Llamar a alguien amigo no es tan sencillo. Abarcamos con esa palabra un abanico excesivamente amplio de relaciones. ¿Quiénes son tus amigos en realidad? Aristóteles decía que un amigo es una persona de condiciones similares a las tuyas, es decir, alguien del que, por su cercanía, puedes aprender la virtud. Veía que en la relación de amistad debía haber una disposición a aprender de las experiencias que el amigo atesora. Creo que ese cierto grado de similitud del que habla el filósofo es importante, pero no imprescindible. En cambio, sí encuentro indispensable una disposición a mejorar a través de la experiencia de la otra persona. Cuando creas esa comunidad de confianza, una de las cosas más bonitas es el crecimiento personal a través de la convivencia. Encontramos el consejo en el hecho de ser distintos. Reconocer los errores duele, por eso pocas veces lo hacemos por nosotros mismos. Es vital tener personas cercanas que te llamen la atención sobre ellos, desde el cariño y sin la intención de herir.

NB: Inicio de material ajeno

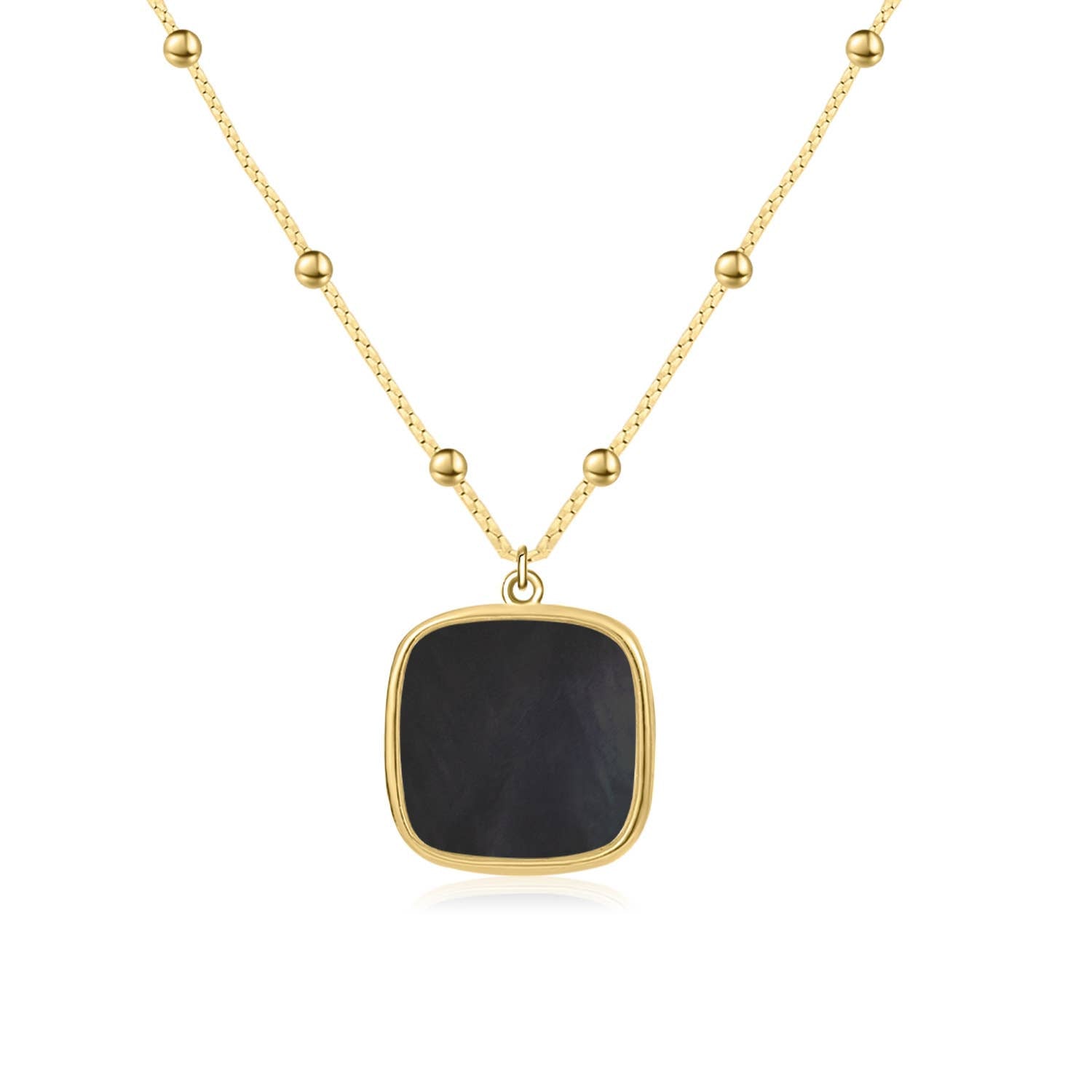Pearl Zircon Titanium Steel Necklace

Hay demasiadas amistades extrañas. ¿Por qué casi nunca logramos esa comunidad de afecto y ayuda? Muchos tienen la tendencia a atomizarse, aislando su vulnerabilidad fuera del alcance del resto. Reprimen hasta el colapso y agarran lo poco que tienen hasta herirse. Otros se abren en canal, permitiendo a través de las redes un acceso a su estómago y a sus arterias. ¿Es por el temor a ese colapso?, ¿es querer enseñar su resistencia al dolor?, ¿es el deseo de demostrar una amplitud interior de la que dudan? Tanto unos como otros se encuentran atravesados por una experiencia contradictoria del afecto. Reprimir y aferrar; fingir y demostrar.

Éste no es un problema ni particular ni local, sino algo que afecta a la mayoría de personas que habitan esta realidad extraña, entre las que me incluyo. Nos sentimos arrojados a ella. Cuando duele nos entretenemos y cuando sana nos entretenemos. Cuando aburre nos entretenemos y cuando entretiene sabemos que lo hará por poco tiempo. ¿Dónde guardamos el dolor y la dicha? Quizá solo pervivan en los márgenes. Nuestra existencia se parece ahora más a una suma de momentos inconexos que a una experiencia continua. Postergamos sentimientos, hundiéndolos en esa marea de estímulos a la que nos sometemos cada día. Tratamos de acumular experiencias intensas, pero perdemos en ese anhelo la capacidad de vivir de forma coherente y cohesionada. Nos extraña examinarnos y encontrar una imagen llena de parches, superpuestos, que no permiten observar la forma. El fondo ha invadido nuestro rostro. Hay que reconocer al capitalismo su esmero. Ha logrado la difícil tarea de hacer de las relaciones con los que tenemos más cerca un vínculo que se despliega imponiendo distancia.

Siento que si nadie más lo hace debo ser yo quién lo grite, pero no encuentro la manera de articular unas palabras que me llegan desordenadas. Sé al menos una cosa. Quiero escuchar mejor a mis amigos, porque así los querré de manera más sincera. Quiero cuidarlos igual que ellos hacen conmigo. Quiero que se sientan arropados a mi lado.